Importantly, the signatures of two immature cell types are therefore particularly characteristic of severe COVID-19 disease: platelet precursor cells, so-called megakaryocytes, and immature red blood cells.
Dr Tran further explained, "This is particularly surprising because these precursor cells are normally not in the blood but in the bone marrow, where they mature as needed. We know of such progenitor cells being washed out into the blood of seriously ill patients, for example in bacterial sepsis (blood poisoning). This has not yet been described for COVID-19.”
Dr Joachim Schultze, professor at the University of Bonn and research group leader at the DZNE, one of the last authors of the study added, "With the help of high-precision cellular genomic analyses, we were able to draw a very detailed picture of the cellular changes throughout the course of the disease. While previously we mainly looked at immune cells, we were now able to find cell types that had previously been overlooked."
The study team gained important insights from a group of 39 COVID-19 patients who had been treated in the intensive care unit in Nijmegen, i.e. had particularly severe courses of disease. In this group of patients, a signature of the megakaryocytes and red blood cell progenitor cells was particularly strong in patients who died of the disease compared to patients who recovered.

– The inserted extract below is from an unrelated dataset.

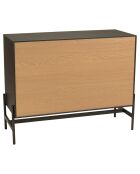 Commode pin pieds métal charlie noir/bois - 103.5x40.5x81.5 cm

Dr Rosenstiel added, "The megakaryocytes reflect a well-known COVID-19 problem: blood platelets are responsible for blood coagulation. One of the most common direct causes of death from COVID-19 is coagulation problems. The emergency-activated megakaryocytes in the blood may produce platelets that aggregate more easily and thus lead to the coagulation problems."

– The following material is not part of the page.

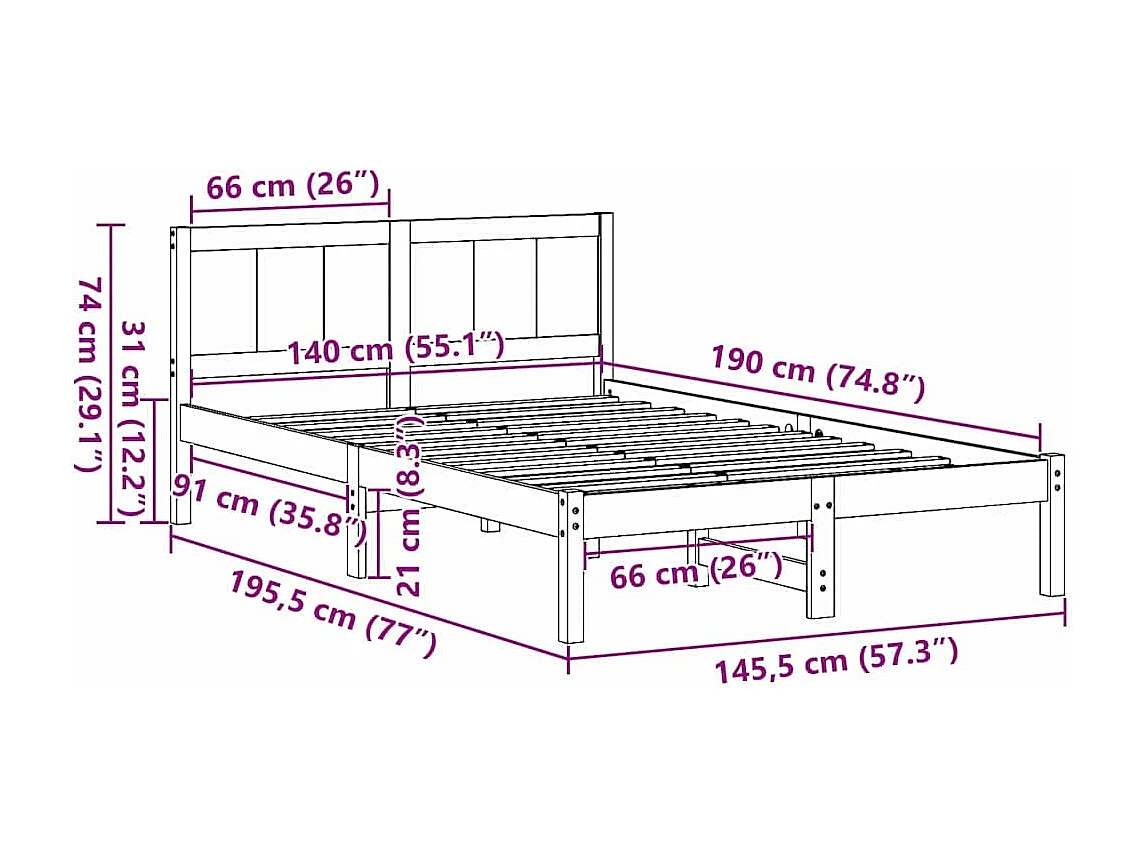 Lit double | Lit adulte | Cadre de lit Blanc 140x190 cm Bois de pin massif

The increase in red blood cell progenitor cells indicates a lack of oxygen and is known as an emergency reaction in severe lung diseases.

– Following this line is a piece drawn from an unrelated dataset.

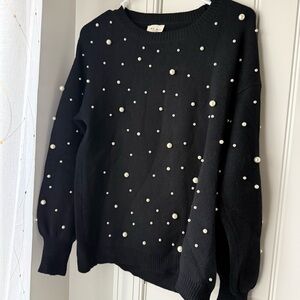 Black Pearl-Embellished Sweater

The detailed research has been made possible by the nationwide consortium ie the "German COVID-19 OMICS Initiative" (DeCOI) and was carried out in cooperation with partners from the "Human Cell Atlas," an international consortium for single cell analysis.
Dr Schultze, who is also the coordinator of the DeCOI consortium said, "It was only through this teamwork that the complex analyses and interpretation of the data could be mastered in the short time available. With the present work, we have now created the basis for validating novel biomarkers at an early stage of COVID-19 disease to identify patients at risk for a severe course of the disease. This would enable us to improve the care of particularly severely affected patients even more specifically."
The study team concluded, “Together, the results indicate a profound reaction of the erythroid lineage to COVID-19 at different phases of the disease. These features of the computed disease trajectory were linked to clinical outcome in a larger retrospective cohort of 39 mechanically ventilated COVID-19 patients. We could show that two modules from cohort 1, M4 (related to MK numbers in cohort 1) and M7 (indicative of erythropoiesis in cohort 1), were significantly correlated with a fatal outcome in the independent cohort. Decrease in expression of the M2 module (associated with hypomorphic type I IFN in cohort 1) in a broad array of cell types including monocytes, NK cells, CD8+ T cells and PBs was present in both survivors and non-survivors, corroborating the observation of failing type I IFN in severe COVID-19, but questioning its clear relation to fatal outcome. The study findings clearly suggest that regulatory events in megakaryocytic and erythroid cells may act as pivotal components of an unfavorable course of COVID-19, which mandates further prospective exploration.”